Top of EXCERPTED RECORDS

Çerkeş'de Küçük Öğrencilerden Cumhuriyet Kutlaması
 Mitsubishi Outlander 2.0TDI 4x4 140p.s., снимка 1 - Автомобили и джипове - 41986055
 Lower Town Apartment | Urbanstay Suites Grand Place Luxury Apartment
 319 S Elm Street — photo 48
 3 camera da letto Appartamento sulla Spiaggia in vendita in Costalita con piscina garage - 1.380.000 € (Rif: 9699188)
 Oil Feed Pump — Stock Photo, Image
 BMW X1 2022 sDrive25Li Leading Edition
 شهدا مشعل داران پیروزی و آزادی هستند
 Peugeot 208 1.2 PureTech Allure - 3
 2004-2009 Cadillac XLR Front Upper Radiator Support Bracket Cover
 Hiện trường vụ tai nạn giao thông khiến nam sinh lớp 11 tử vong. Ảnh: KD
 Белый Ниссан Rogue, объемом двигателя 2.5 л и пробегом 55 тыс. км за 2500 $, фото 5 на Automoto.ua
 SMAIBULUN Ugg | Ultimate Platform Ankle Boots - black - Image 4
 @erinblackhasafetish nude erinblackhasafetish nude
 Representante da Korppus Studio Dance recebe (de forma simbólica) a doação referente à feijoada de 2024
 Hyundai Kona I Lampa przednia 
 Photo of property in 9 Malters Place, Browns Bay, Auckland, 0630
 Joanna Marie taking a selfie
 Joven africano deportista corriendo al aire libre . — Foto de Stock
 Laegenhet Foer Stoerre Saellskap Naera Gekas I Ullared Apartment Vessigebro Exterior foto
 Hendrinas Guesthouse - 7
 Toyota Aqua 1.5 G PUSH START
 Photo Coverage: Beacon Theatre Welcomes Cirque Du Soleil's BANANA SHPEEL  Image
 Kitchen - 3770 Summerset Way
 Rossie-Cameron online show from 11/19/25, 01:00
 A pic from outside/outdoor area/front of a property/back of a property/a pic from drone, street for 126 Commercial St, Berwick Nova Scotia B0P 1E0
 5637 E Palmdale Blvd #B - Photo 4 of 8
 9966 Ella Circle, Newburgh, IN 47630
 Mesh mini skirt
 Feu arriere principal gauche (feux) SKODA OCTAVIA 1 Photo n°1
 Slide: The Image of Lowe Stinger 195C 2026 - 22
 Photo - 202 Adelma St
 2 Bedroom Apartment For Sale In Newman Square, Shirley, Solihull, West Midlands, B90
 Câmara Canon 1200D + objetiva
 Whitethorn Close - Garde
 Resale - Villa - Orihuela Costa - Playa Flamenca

Bottom of EXCERPTED RECORDS

* WHAT IS REQUIRED *
Look above for the line with "Representante da Korppus" and the line with "A pic from outside/outdoor"; transcribe both and all lines in between, exactly, and nothing else.

* WRITTEN SOLUTION *
 Representante da Korppus Studio Dance recebe (de forma simbólica) a doação referente à feijoada de 2024
 Hyundai Kona I Lampa przednia 
 Photo of property in 9 Malters Place, Browns Bay, Auckland, 0630
 Joanna Marie taking a selfie
 Joven africano deportista corriendo al aire libre . — Foto de Stock
 Laegenhet Foer Stoerre Saellskap Naera Gekas I Ullared Apartment Vessigebro Exterior foto
 Hendrinas Guesthouse - 7
 Toyota Aqua 1.5 G PUSH START
 Photo Coverage: Beacon Theatre Welcomes Cirque Du Soleil's BANANA SHPEEL  Image
 Kitchen - 3770 Summerset Way
 Rossie-Cameron online show from 11/19/25, 01:00
 A pic from outside/outdoor area/front of a property/back of a property/a pic from drone, street for 126 Commercial St, Berwick Nova Scotia B0P 1E0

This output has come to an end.